== Segment start ==

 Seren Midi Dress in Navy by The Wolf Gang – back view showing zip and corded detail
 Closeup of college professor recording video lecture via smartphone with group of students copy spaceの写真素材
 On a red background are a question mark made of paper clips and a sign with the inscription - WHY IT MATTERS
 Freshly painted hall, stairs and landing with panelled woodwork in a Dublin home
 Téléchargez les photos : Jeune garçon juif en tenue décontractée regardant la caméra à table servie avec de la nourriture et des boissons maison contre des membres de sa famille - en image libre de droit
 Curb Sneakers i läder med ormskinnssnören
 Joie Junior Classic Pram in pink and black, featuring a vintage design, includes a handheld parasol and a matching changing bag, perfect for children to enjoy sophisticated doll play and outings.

== Segment end ==
== Segment start ==

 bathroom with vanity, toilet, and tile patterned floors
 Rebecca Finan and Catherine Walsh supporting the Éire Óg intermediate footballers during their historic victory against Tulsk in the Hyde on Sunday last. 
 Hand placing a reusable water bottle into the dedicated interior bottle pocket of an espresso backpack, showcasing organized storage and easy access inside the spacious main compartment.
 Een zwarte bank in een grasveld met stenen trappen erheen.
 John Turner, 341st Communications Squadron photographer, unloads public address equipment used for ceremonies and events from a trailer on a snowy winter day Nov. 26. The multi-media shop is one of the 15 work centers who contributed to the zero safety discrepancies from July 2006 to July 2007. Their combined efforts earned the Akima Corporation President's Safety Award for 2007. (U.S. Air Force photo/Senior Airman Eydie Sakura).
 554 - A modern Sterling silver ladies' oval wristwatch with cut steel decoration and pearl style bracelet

== Segment end ==
== Segment start ==

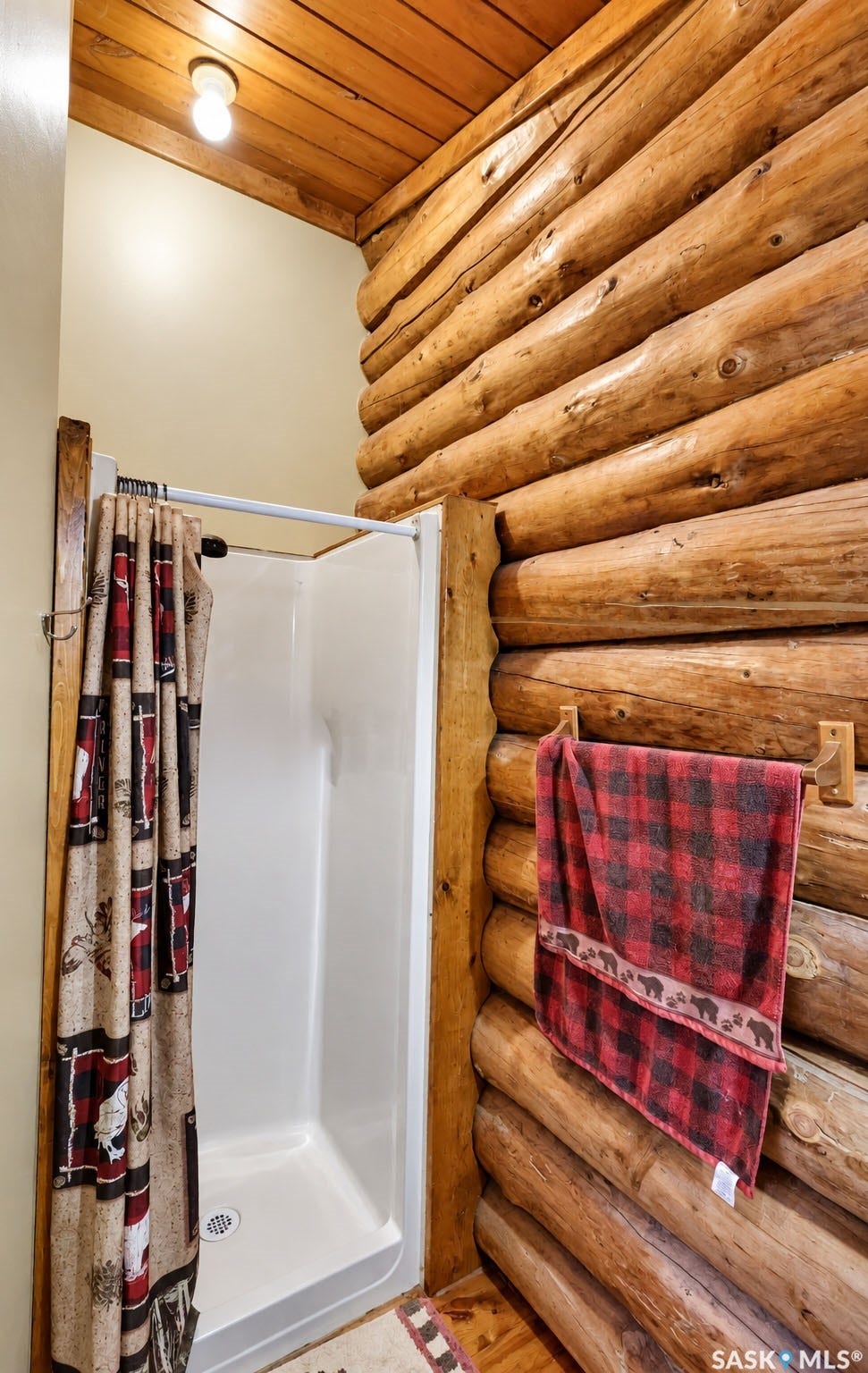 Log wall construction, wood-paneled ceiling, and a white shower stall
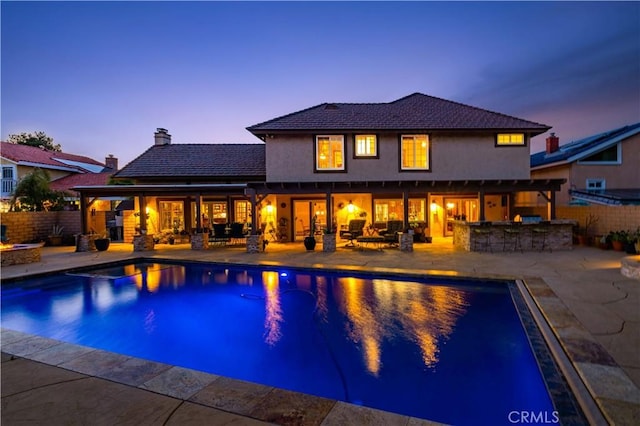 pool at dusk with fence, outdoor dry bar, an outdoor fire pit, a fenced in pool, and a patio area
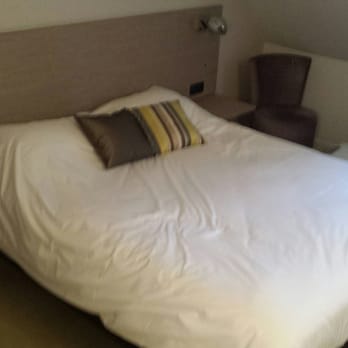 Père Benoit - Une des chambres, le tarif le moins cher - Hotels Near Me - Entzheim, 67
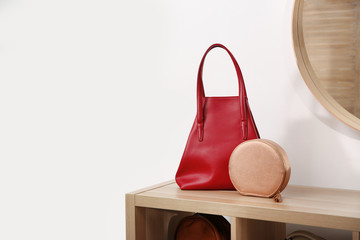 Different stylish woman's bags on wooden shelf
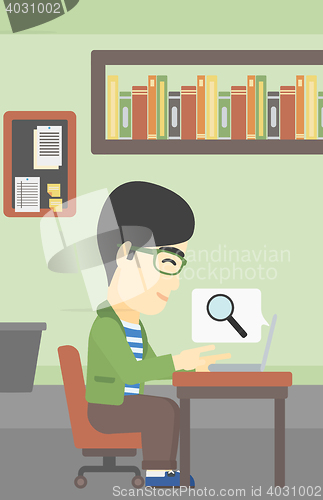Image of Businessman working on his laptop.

== Segment end ==

Starting at the line with "Log wall construction, wood-paneled" and finishing at the line with "Image of Businessman working on his laptop.", copy the material above exactly, both lines included. Nothing else goes in, and no pictures.

 Log wall construction, wood-paneled ceiling, and a white shower stall
 pool at dusk with fence, outdoor dry bar, an outdoor fire pit, a fenced in pool, and a patio area
 Père Benoit - Une des chambres, le tarif le moins cher - Hotels Near Me - Entzheim, 67
 Different stylish woman's bags on wooden shelf
Image of Businessman working on his laptop.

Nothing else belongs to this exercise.